What Publishers Weekly says: “Algerian writer Taibaoui makes his English-language debut with an acerbic noir involving a strange disappearance and a detective’s existential quest. . . . Though Taibaoui’s prose can be overheated, the narrator delivers an occasional pearl (“Disappearing is more generous to one’s self than a phony and deceitful existence with distorted features”).”
What I say: The Disappearance of Mr. Nobody begins with a rush of miscommunication, as an elderly man waxes paranoid and his caretaker expresses his frustration with the situation he finds himself in. This is a novel that situates the reader amid an ever-changing landscape, both literally and figuratively, which echoes the disconnect felt by many of its characters.
From Astra House | The Forbidden Notebook by Alba de Céspedes, translated from the Italian by Ann Goldstein | Fiction | 288 pages | ISBN 9781662601392 | US$26.00
What the publisher says: “Valeria Cossati never suspected how unhappy she had become with the shabby gentility of her bourgeois life—until she begins to jot down her thoughts and feelings in a little black book she keeps hidden in a closet. This new secret activity leads her to scrutinize herself and her life more closely, and she soon realizes that her individuality is being stifled by her devotion and sense of duty toward her husband, daughter, and son.”
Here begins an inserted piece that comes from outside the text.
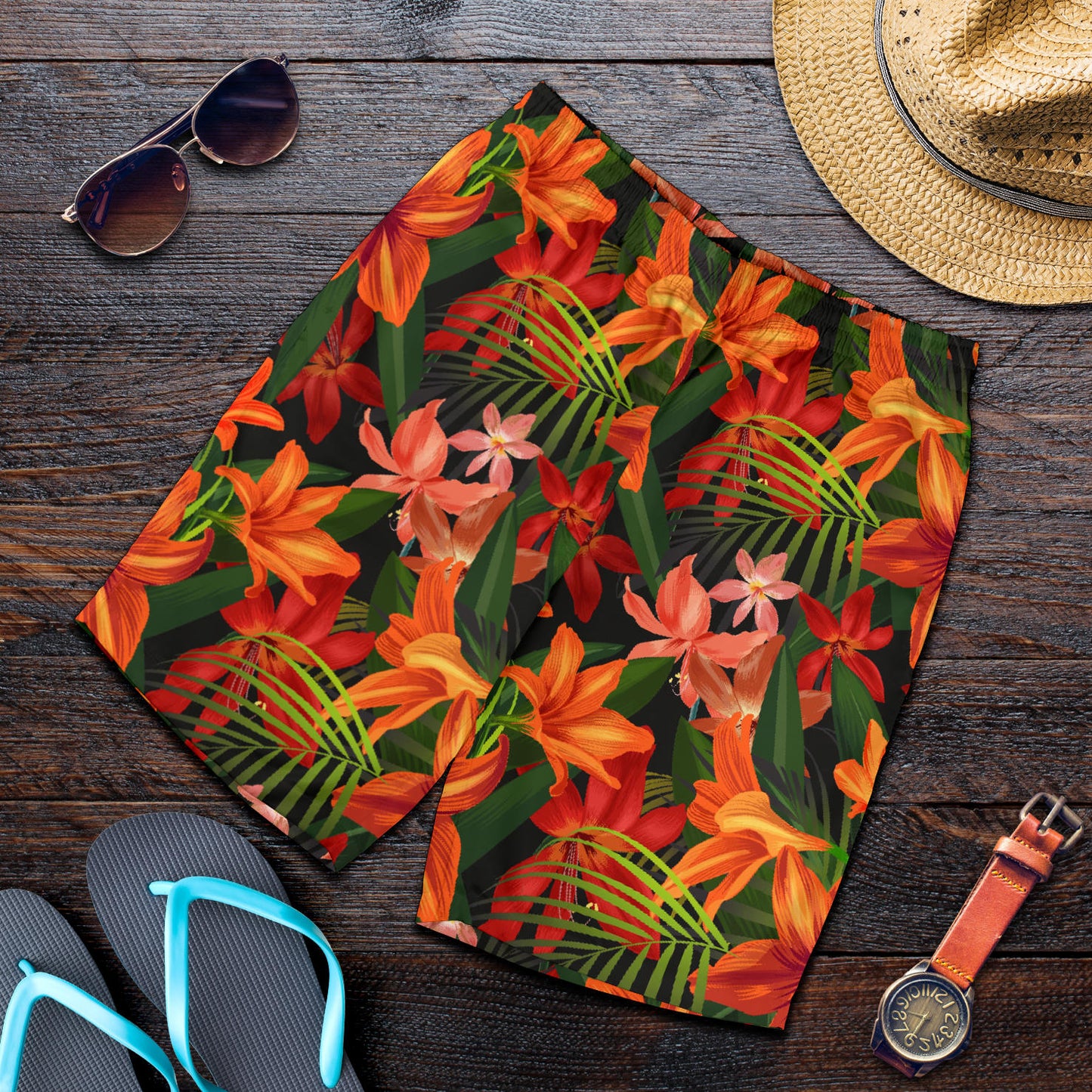 Amaryllis Pattern Print Design AL05 Mens Shorts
What Kirkus says: “De Céspedes deftly charts the widening gap between Valeria’s increasingly desperate inner life and the roles she feels forced to play in a feminist novel that consistently calls into question the ways its narrator makes sense of her claustrophobic domestic world.”
What I say: There’s a long tradition of fiction wrestling with mid-twentieth-century middle-class anomie, and it’s in this context that Alba de Céspedes’s The Forbidden Notebook can be neatly situated. But there’s also something about this book that feels furtive, including the title and the conceit behind it—i.e., that this is the record of a frustrated woman who’s been writing her thoughts in secret. It’s the kind of lively narrative in which part of the writer’s compositional skill is creating that sense of unpredictability, and the novel is all the stronger for it.
From University of California Press | Jangar: The Heroic Epic of the Kalmyk Nomads, translated from the Kalmyk by Saglar (Saga) Bougdaeva | Poetry | 264 pages | ISBN 9780520344723 | US$19.95
What the publisher says: “Although their famed khanates and cities have long since disappeared under the sands of the Great Eurasian Steppe, the Kalmyks have witnessed, memorized, and orally transmitted some of the most transformative developments, both victorious and tragic, in the history of civilizations. A tribute to the protectors of the mythical country Bumba, Jangar reflects the hopes and aspirations of the Kalmyk people as well as their centuries-long struggle for their cultural existence.”
What Professor Emeritus Jerome Rothenberg says: “This translation opens up for an English-reading audience a major work preserved through oral transmission over centuries and despite suppression by outside imperial powers. Standing alongside other traditional epics such as The Odyssey and Beowulf, Jangar is a unique work of the oral imagination with stunning characteristics, both fantastic and surreal, of its own.”
What I say: Sometimes the history behind a story can be as fascinating as the story itself. That’s very much the case with Jangar, a heroic epic told for generations by the Kalmyk people, as the introductory texts in this new volume show. But it’s also a thrilling and evocative story in its own right, with passages that veer past the fantastical and into the realm of myth: “The energy of twelve lions was in his body; / The power of twelve thousand witches / Was in his calves.”